Togliete Netflix a Beppe Grillo. L'ex comico, ex blogger di successo - ora i lettori e conseguentemente i conti sono precipitati - e fondatore del Movimento Cinque Stelle, lunedì di Ognissanti ha finito di vedere la fortunatissima serie coreana Squid Game. «Dov'è la notizia?» - direte voi -, come lui l'hanno guardata all'incirca 132 milioni di persone in tutto il pianeta?
La novità è che Grillo, a differenza di voi e, oseremmo dire, di tutti i critici cinematografici del mondo e dei 132 milioni di spettatori sopraccitati, ci ha visto una cosa che nessuno, neppure in controluce, aveva notato. Se fate parte dei sette miliardi e qualche spicciolo di esseri umani che non hanno visto Squid game ci dispiace per lo spoiler, ma dobbiamo dirvelo: parla di reddito di cittadinanza, di reddito universale, per la precisione. Beppe non ha dubbi. La storia narra di un gruppo di persone, oberate dai debiti o comunque con gravissime difficoltà economiche, che partecipa a un gioco mortale nel tentativo di portare a casa, oltre che la pelle, un montepremi miliardario. Una critica alla disuguaglianza economica che per Grillo ha una sola e inequivocabile risposta: il reddito universale. Noi, poveri scemi, che ci arrovellavamo sul significato della serie, non avevamo capito che era un gigantesco e planetario spot ai Cinque Stelle.
Grillo, evidentemente ossessionato dal sussidio statale, lo vede ovunque, anche tra le righe del monoscopio. Ma il destino infausto gli gioca anche un brutto scherzo: perché proprio nel giorno in cui dal suo blog, con spirito divulgativo, ci rivela il significato di Squid game, le cronache ci svelano gli ultimi disastri del suo coccolato reddito di cittadinanza. In Puglia, 290 ladri - per favore smettiamola di chiamarli furbetti - s'intascavano l'assegno mensile senza averne diritto. Tra di loro c'erano anche 50 condannati per mafia, giusto per non farsi mancare nulla.
Un caso?

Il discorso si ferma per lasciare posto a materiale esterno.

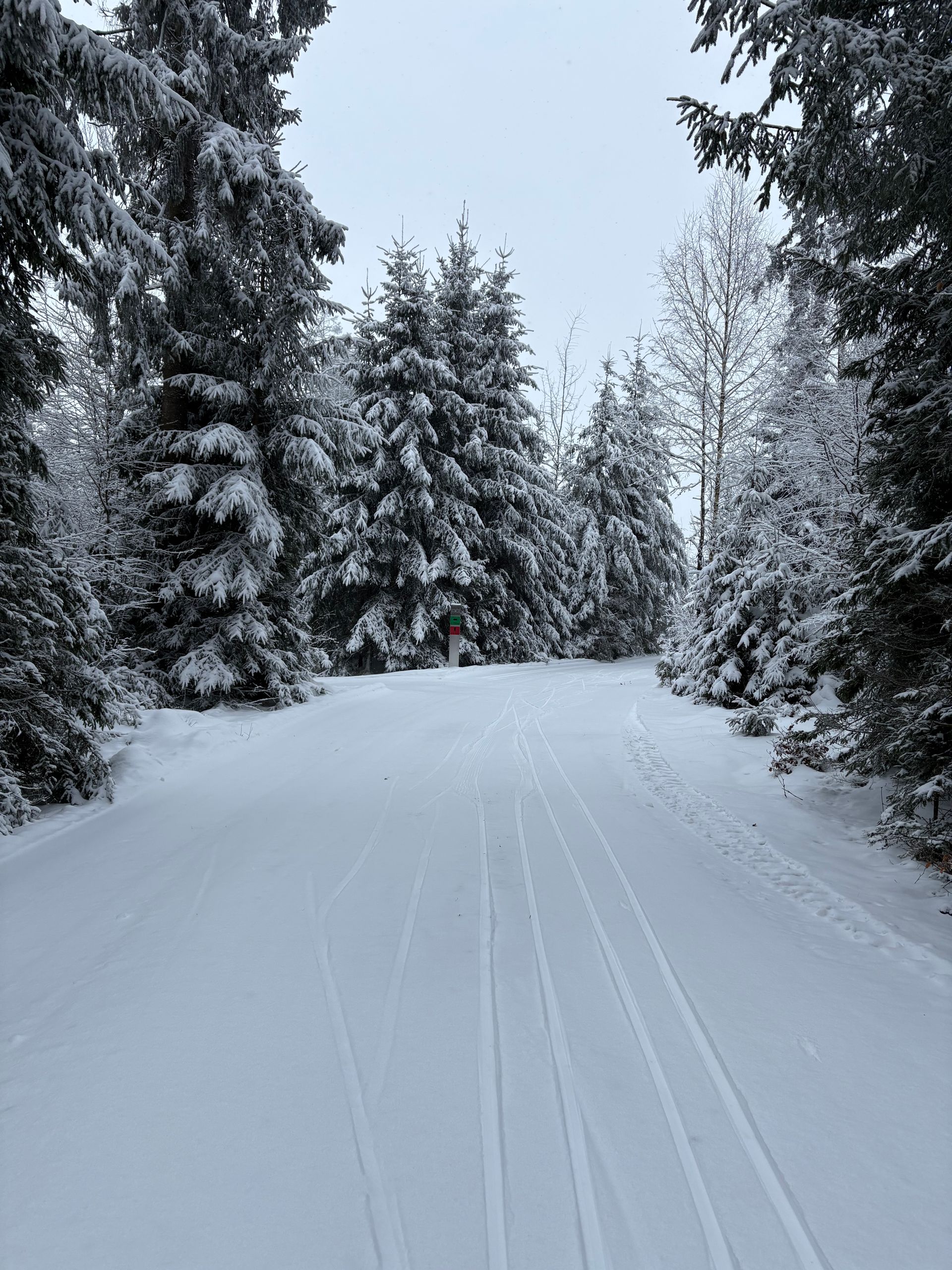 Loipe Nordic-Sport-Centrum Schwand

No, poche settimane fa i finanzieri, a Bari, avevano scoperto 109 pregiudicati anche loro senza requisiti, ma tutti con il «reddito». Queste sono cose serie, molto più delle serie. Ma, a giudicare dai risultati, preferiamo sorbirci i deliri del Grillo critico cinematografico, piuttosto che quelli del Grillo politico.